What To Do With A Ghost

Last night Shirley and I went to another free concert at Pomona College. The Pomona College Orchestra preformed four pieces ending with Antonín Dvořák’s Symphony No. 8 in G major, Op 88 (1889). The highlight of the evening was Anatolia Maya Evarkiou-Kaku’s flute solo performance of Georges Hüe’s “Fanaisie” (1923). Ms Evarkiou-Kaku’s wonderful solo made the entertaining if otherwise uneventful concert. It seems nearly compulsorily that every Pomona College concert premiere a work by Karl Kohn. Last night the orchestra preformed “Return” which Kohn wrote in 1990. Like my general view of Kohn’s work, I found that “Return” had great, amazing, wonderful moments and then it had other moments. I don’t want to be overly critical. Some of Kohn’s work I enjoy more than I do others. My opinion is strictly that, my opinion. Besides, while I don’t know them beyond their music, Professor Kohn and his wife sat to our right in the row in front of us and we will no doubt see them again next week.
But this post isn’t about music. It’s about ghosts and how to get rid of them. The first piece of the evening was Manuel de Falla’s “Ritual Fire Dance” (1915). The program told us this about “Ritual Fire Dance.”

A young Gypsy woman, Candélas, has fallen in love with Carmelo after being widowed by her unfaithful first husband. The ghost of the first husband continues to haunt the new couple, so in response, all of the Gypsy women build a bonfire and perform a ritual dance around it, summoning the ghost, with whom Candélas dances. As their movements accelerate, the ghost is drawn into the flames and destroyed. . .

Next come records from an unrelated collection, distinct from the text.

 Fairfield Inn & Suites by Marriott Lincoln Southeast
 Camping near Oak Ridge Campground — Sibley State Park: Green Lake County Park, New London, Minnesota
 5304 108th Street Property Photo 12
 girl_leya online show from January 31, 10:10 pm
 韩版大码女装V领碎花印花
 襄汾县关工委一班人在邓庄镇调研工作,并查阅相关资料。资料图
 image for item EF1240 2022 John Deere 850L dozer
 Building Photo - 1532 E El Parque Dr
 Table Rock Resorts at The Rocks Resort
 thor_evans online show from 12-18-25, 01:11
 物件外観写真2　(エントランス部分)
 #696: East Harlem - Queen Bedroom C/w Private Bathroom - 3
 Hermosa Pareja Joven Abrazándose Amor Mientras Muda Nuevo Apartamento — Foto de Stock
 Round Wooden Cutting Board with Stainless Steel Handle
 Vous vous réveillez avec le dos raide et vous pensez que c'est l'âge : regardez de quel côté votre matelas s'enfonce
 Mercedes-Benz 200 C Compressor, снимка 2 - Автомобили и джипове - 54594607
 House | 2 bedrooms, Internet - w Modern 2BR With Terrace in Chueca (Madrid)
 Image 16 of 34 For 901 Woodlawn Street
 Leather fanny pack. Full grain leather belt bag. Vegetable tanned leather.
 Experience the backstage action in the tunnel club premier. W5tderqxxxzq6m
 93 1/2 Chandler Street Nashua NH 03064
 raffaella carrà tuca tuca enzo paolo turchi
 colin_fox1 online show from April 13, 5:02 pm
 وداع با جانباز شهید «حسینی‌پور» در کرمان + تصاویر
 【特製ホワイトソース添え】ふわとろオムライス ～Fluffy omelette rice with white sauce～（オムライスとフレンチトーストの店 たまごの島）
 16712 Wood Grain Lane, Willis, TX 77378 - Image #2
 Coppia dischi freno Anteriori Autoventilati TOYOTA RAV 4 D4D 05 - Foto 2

The ghost is destroyed! No Mesopotamian ghost would put up with such treatment. Mesopotamian ghosts needed a decent and sometimes distant burial. The trick was to get them to adopt some object like a figurine as a physical body and then properly bury it. No self-respecting Mesopotamian ghost would allow himself to be worked up into such a frenzy that he would jump into a fire and be destroyed. But then, I guess the ghost of Candélas’ ex was not a Mesopotamian ghost.